Ogni cucciolo d’uomo nasce privo di qualsiasi autonomia. Per poter badare a se stesso lo attende un lungo ed impegnativo cammino. È questo un percorso che, sorretto da mamma e papà e da tanti educatori, si fonda sul contenimento dell’anelito che spinge ogni piccino ad arrivare ad ottenere ciò che desidera e a poter fare quello che vuole. Il bimbo, attraverso pianti isterici, capricci irriducibili e gesti inconsulti, reclama che il mondo sia disponibile a soddisfare le sue bramosie.
Educare serve proprio ad accompagnare ogni bimbo a gestire queste pulsioni che premono per avere tutto e subito.
Creare nella mente del piccolo il valore del senso dell’attesa è dunque fondamentale affinché egli possa sostenere i passaggi e i tempi che gli servono per diventare grande.
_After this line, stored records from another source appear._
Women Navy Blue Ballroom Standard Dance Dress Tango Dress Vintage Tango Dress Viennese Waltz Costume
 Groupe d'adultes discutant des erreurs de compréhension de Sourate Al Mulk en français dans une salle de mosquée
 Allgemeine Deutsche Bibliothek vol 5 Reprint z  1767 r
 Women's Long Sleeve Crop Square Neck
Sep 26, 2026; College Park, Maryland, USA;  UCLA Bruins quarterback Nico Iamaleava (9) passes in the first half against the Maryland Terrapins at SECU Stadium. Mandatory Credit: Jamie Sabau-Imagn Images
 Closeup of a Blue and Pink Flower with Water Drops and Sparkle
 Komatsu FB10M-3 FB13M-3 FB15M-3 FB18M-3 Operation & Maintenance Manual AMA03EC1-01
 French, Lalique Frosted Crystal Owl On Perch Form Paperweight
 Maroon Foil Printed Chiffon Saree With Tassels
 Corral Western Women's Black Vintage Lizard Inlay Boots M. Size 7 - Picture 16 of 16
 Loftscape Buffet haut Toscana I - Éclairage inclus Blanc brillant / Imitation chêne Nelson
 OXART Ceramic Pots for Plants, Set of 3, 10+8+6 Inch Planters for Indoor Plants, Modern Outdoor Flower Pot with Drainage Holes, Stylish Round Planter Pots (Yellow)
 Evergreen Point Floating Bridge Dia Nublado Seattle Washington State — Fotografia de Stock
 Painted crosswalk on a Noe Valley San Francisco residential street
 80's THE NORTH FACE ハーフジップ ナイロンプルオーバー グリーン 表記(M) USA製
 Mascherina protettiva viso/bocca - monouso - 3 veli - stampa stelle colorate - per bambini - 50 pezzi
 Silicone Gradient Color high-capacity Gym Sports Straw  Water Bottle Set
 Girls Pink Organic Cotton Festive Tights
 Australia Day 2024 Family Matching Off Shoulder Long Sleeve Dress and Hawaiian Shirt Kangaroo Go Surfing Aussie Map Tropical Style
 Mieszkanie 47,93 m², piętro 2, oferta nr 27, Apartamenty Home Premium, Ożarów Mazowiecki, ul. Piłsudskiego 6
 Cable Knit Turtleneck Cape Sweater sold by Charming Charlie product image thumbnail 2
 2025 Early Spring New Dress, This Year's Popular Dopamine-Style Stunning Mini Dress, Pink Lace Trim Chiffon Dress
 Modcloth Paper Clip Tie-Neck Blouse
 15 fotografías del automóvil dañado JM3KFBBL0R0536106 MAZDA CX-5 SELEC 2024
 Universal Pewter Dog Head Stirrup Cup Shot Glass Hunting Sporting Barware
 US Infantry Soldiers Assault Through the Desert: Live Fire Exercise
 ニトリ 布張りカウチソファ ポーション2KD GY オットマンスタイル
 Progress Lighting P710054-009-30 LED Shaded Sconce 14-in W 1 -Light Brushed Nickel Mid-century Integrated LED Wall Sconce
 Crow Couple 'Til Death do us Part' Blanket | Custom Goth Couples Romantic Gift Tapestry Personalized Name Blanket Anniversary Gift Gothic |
Il bambino deve poter desiderare, sognare, immaginare la realizzazione delle sue aspirazioni, ma deve anche saper sopportare la frustrazione di non realizzare immediatamente ciò a cui aspira.
Educare al senso dell’attesa significa allora rappresentare insieme la prospettiva del domani e l’accettazione della fatica dell’oggi.
È possibile rammentare la bimba che dice “quando sarò grande sposo il papà…” o il ragazzino che afferma deciso “quando sarò grande farò tutto quel che voglio…” quali esempi delle spinte emotive necessarie per andare avanti. La crescita porterà con sé l’abbandono del desiderio di riversare tutte le proprie passioni sul padre. La maturazione farà capire che essere grandi significa proprio saper porre da soli dei limiti alla propria libertà.
Nessuno concepirebbe un figlio se non l’immaginasse meraviglioso, un buon genitore però sa accettare così com’è il bambino che ha messo al mondo.
Senza sogni non c’è progettualità, ma senza la capacità di ridimensionare le fantasie non c’è fattiva operosità.
La vita dunque è un bilanciamento continuo tra illusione e disillusione.